While at the Windham Historical Society I often come across some little treasure in the files which captures my attention. So it was this week when I got sidetracked and read about the Rev. Thomas Smith of Portland, the father of Windham’s Parson Peter T. Smith. The elder Smith, it seemed, also ran a “truck house,” or a store of sorts which provided supplies to those who were settling Portland and environs in the early 1700s.
Being aware of the recent flap about the team name for the Scarborough Red Storm being reverted to the derogatory and prejudicial slang, redskins, I was particularly intrigued to read that Rev. Thomas Smith was recounting to friends his “take” on a recent scalping expedition “I received 165 pounds … my part of scalp money,” reads his 1757 diary. He had supplied provisions and ammunition to a scalping party made up of his parishioners, whose goal was to kill American Indians and take their scalps.
The French introduced scalping, it is believed, but shortly thereafter, all Europeans were scalping – sometimes each other.
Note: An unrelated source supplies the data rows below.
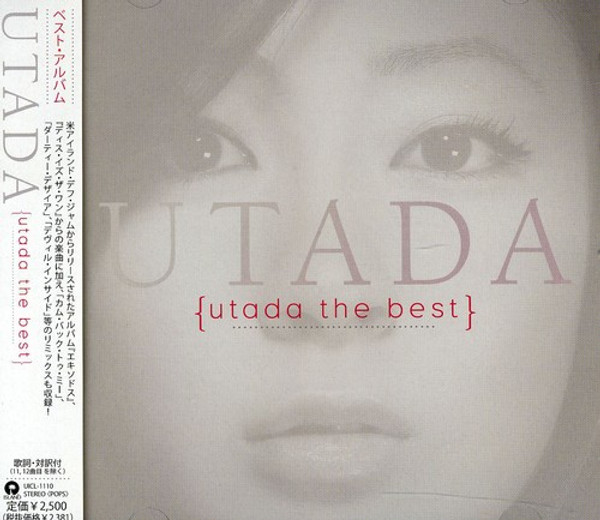 Hikaru Utada – Utada The Best (CD, Compilation)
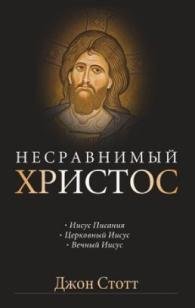 Несравнимый Христос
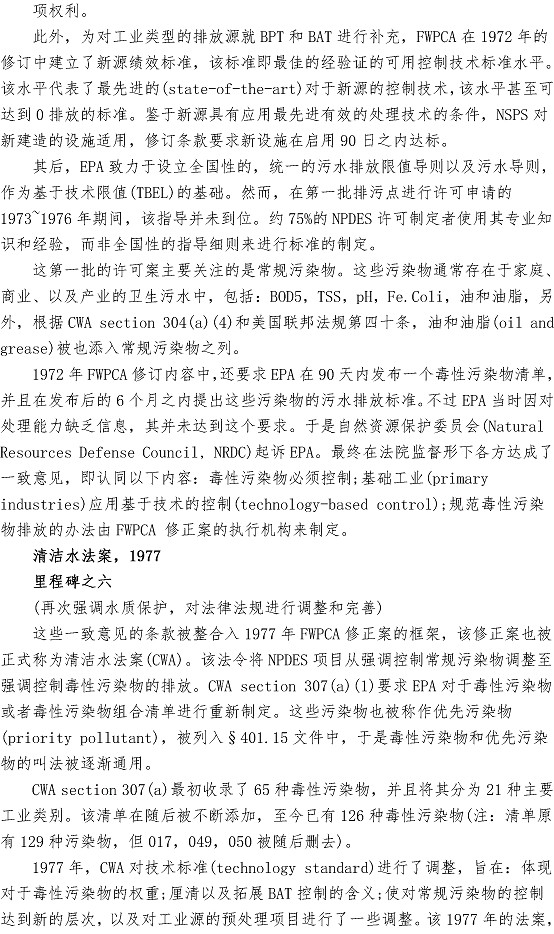 多彩同盟·(中国区)官方网站入口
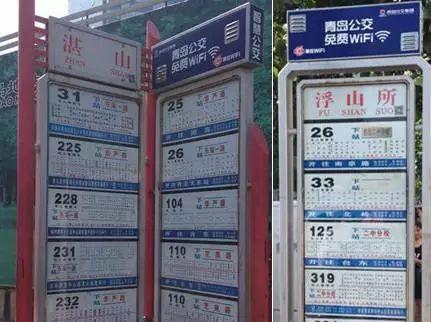 青岛公交站牌大规模更换 能查公交信息太方便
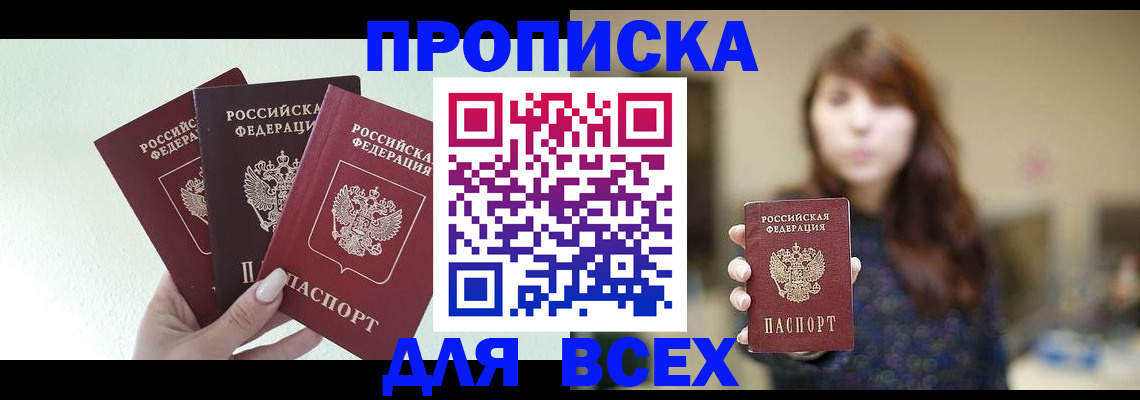 прописка для школы в Изобильном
During the Revolutionary War, the bounty for a male adult American Indian scalp was 100 pounds sterling. Some people survived scalping. One settler in Windham had two pieces of skin taken from his scalp and lived to a ripe old age. The scalps were referred to as red skins, covered as they were in blood. It doesn’t take much of an imagination to see how the term “red skin” evolved to an ethnic slur. Many nationalities have unsavory “nicknames” once in common use. I hope some day we Americans move beyond perpetuating this ignorance.
It is ironic that while we are bending over backward to be politically correct and enrolling everyone in a class on diversity, that any energy would be spent justifying the return to a possibly offensive team name.
Of course this is an opinion column and others may not share my view, but we can learn a lot from history and some of it needs to be reinforced from time to time. With a maiden name of Kathleen Kelley, I sure wouldn’t appreciate being called a dumb Mick – or worse.